**Exercise**
Count up every line of the data in which "Yellow" occurs. The reply is one number and nothing more.

Record excerpts: Begin

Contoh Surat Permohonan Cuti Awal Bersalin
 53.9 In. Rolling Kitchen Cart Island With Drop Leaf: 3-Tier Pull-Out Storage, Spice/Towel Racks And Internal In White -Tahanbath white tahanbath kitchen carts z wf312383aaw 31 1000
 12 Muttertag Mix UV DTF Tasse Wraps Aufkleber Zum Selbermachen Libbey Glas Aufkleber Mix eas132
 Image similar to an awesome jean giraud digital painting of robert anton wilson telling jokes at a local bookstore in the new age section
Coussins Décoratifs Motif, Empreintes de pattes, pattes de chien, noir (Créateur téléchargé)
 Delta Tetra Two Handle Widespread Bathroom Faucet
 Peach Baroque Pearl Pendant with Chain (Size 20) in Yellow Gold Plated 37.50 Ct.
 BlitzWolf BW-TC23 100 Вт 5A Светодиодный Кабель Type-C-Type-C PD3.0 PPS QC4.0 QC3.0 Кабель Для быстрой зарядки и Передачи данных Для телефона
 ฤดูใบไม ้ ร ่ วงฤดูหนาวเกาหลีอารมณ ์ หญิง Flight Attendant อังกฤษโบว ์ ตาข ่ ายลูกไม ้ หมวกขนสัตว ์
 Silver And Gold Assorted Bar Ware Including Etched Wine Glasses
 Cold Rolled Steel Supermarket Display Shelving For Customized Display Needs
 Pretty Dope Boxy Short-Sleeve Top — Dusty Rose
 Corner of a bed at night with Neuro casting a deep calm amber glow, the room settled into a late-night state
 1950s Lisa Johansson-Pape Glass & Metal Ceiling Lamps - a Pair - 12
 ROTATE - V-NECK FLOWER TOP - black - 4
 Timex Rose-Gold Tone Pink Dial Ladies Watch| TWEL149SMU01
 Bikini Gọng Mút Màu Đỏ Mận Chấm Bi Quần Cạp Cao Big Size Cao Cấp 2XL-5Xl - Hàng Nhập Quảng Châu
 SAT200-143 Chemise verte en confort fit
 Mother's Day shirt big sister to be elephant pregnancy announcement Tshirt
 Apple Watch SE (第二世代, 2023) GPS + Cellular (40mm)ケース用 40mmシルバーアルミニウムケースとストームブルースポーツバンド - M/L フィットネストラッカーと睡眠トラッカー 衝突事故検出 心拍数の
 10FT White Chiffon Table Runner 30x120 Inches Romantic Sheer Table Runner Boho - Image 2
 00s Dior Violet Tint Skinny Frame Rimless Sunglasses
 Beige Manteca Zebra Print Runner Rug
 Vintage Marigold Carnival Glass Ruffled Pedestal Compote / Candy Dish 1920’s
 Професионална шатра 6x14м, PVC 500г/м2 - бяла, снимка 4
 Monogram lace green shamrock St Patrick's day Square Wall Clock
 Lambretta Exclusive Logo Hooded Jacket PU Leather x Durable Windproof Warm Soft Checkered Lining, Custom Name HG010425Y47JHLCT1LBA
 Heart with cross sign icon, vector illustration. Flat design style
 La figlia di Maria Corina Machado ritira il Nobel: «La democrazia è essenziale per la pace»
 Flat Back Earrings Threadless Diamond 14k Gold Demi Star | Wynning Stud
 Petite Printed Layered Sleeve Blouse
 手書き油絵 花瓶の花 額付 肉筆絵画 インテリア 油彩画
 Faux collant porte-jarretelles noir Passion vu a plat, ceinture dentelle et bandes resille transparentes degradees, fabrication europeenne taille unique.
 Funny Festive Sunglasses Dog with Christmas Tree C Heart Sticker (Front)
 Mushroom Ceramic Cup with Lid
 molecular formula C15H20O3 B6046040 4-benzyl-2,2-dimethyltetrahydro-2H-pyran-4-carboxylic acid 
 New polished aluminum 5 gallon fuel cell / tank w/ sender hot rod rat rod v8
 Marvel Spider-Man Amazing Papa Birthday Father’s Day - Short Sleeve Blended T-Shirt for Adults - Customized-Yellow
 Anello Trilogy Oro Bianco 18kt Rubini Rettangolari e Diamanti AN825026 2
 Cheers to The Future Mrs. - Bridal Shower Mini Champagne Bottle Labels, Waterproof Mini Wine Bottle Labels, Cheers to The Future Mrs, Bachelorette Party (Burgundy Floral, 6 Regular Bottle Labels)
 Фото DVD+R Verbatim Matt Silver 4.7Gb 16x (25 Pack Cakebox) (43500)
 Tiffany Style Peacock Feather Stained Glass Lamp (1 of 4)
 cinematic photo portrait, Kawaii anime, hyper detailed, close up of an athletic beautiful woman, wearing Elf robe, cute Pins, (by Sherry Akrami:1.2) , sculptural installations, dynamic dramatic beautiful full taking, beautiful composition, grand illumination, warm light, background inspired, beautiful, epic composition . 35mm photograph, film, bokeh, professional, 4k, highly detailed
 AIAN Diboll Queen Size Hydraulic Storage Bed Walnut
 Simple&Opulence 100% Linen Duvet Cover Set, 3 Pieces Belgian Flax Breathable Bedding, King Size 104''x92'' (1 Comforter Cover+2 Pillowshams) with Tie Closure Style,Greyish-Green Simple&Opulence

Record excerpts: End

**Answer area**
2